FLAUM, Circuit Judge.

Jeffrey Lovinger's bench trial on charges of unlawful delivery of cocaine and cannabis ended in a mistrial on February 8, 1983. Lovinger was unable to convince the Illinois courts that the double jeopardy clause of the fifth amendment bars his reprosecution for these offenses. After exhausting his state court remedies, Lovinger petitioned the district court for a writ of habeas corpus. The district court granted the writ and we affirm.

I.

Lovinger's trial in the Circuit Court for the Nineteenth Judicial Circuit, Lake County, Illinois was hampered from the start by the prosecutor's inability to establish a clear chain of custody over the evidence. The details of the trial are fully set forth in Magistrate Bucklo's thorough Report and Recommendation, which is appended to the district court's opinion. Lovinger v. Circuit Court, 652 F.Supp. 1336, 1338 (N.D.Ill.1987). The state's first witness was the undercover officer who had purchased packages of white powder and a green leafy substance from Lovinger in October of 1979. The evidence was divided into several exhibits. When it emerged during cross-examination that defendant's expert had not been permitted to test all of the exhibits as required by the court's discovery order, the judge continued the trial to allow for such testing. When trial resumed, the state called an analyst from the Illinois police crime laboratory who testified that the substances purchased by the undercover officer were in fact cocaine and cannabis.
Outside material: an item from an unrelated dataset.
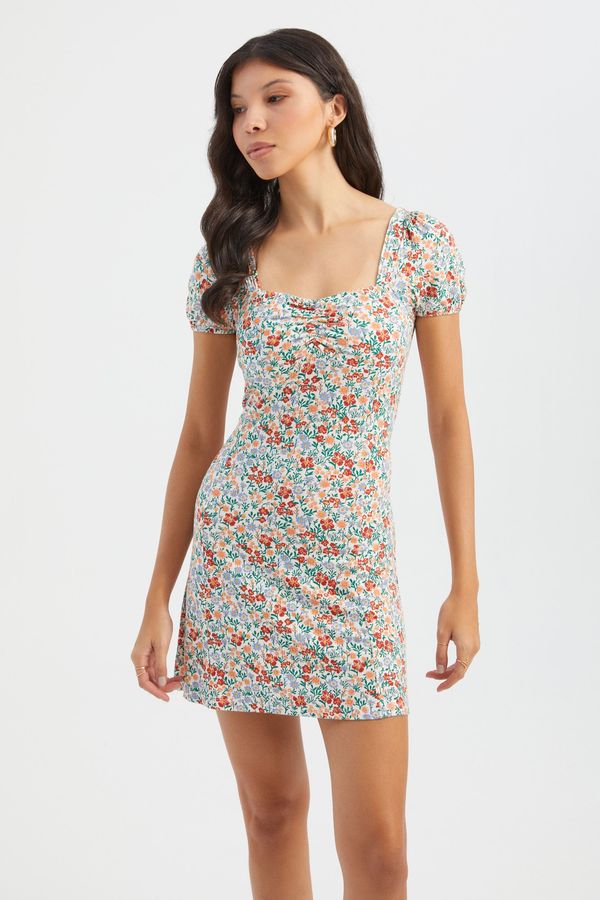 Floral Square Neck Short Sleeve Mini Dress 1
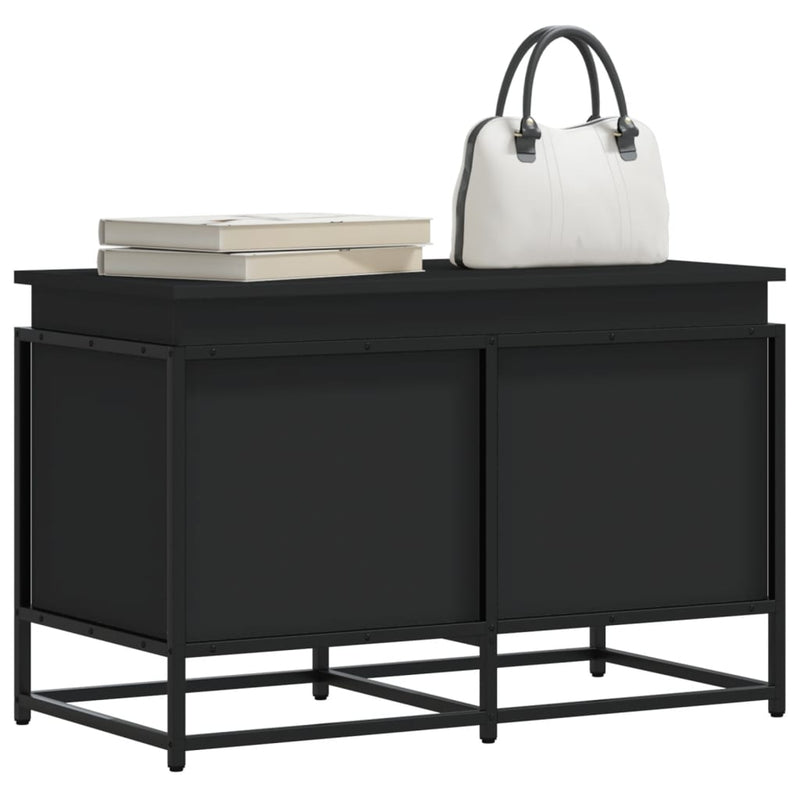 Load image into Gallery viewer, Vidaxl opbergbox met deksel 80x40x51,5 cm bewerkt hout zwart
It was during the testimony of the next witness, an evidence officer for the Waukegan Police Department, that the state's chain of custody problems began. Officer Thomas Hutchings testified that he gave Exhibit No. 1 to an outside examiner on November 4, 1982 for testing. The prosecutor questioned Hutchings about the inconsistency between this testimony and Hutchings' earlier testimony that he had not come into contact with this exhibit between September 14 and November 18, 1982. The trial judge told the prosecutor that he was impeaching his own witness and granted a recess so that the prosecution could "get its act together."
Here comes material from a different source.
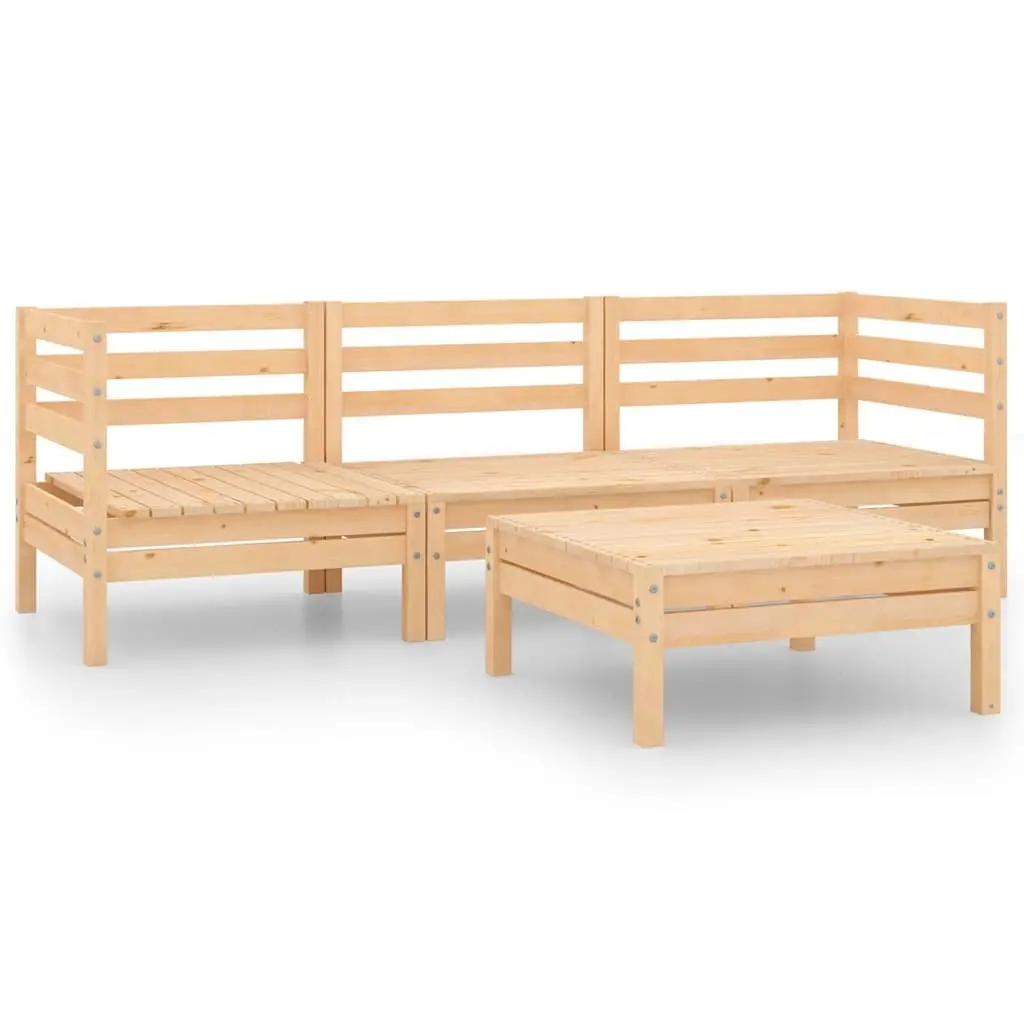 4 Piece Garden Lounge Set Solid Pinewood Brown Outdoor Furniture Modular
When the trial resumed, Lovinger's lawyer reported that Hutchings and the prosecutor had been seen discussing the case during the recess and examining and exchanging papers. The prosecutor denied coaching the witness. The judge ordered that there be no further conversations, and told the defense that any error was harmless so that if Lovinger intended to move for a mistrial, the motion would be denied. Lovinger's lawyer then moved that the court declare a mistrial or alternatively that Hutchings' testimony be stricken and that he be precluded from testifying further. The court denied these motions. Hutchings resumed testifying, and again contradicted himself as to when he had turned over the exhibits for outside examination and when the examiner had returned them to the evidence room. Another short recess was declared, after which Hutchings' recollection was considerably clearer. Before recessing until the following Monday, the court instructed Hutchings not to discuss the case or his testimony with anyone.

Unfortunately for the state, Hutchings' recollection was less than lucid when he resumed the stand on Monday, February 7, 1983. He could not remember, even when aided by suggestive questioning, when he had given out or returned certain of the exhibits. The judge felt compelled to state:

This record has got evidence going out and never returning. This record has got the evidence, the same evidence going out twice, never returning for the first time. There is confusion.

During cross-examination, Hutchings discussed police procedures for entering into a log book the dates for the removal or return of evidence. Defense counsel requested review of the log book; the court granted a half-hour recess for this purpose. After the recess, Hutchings testified that one of the log book entries, which conflicted with his testimony, was incorrect.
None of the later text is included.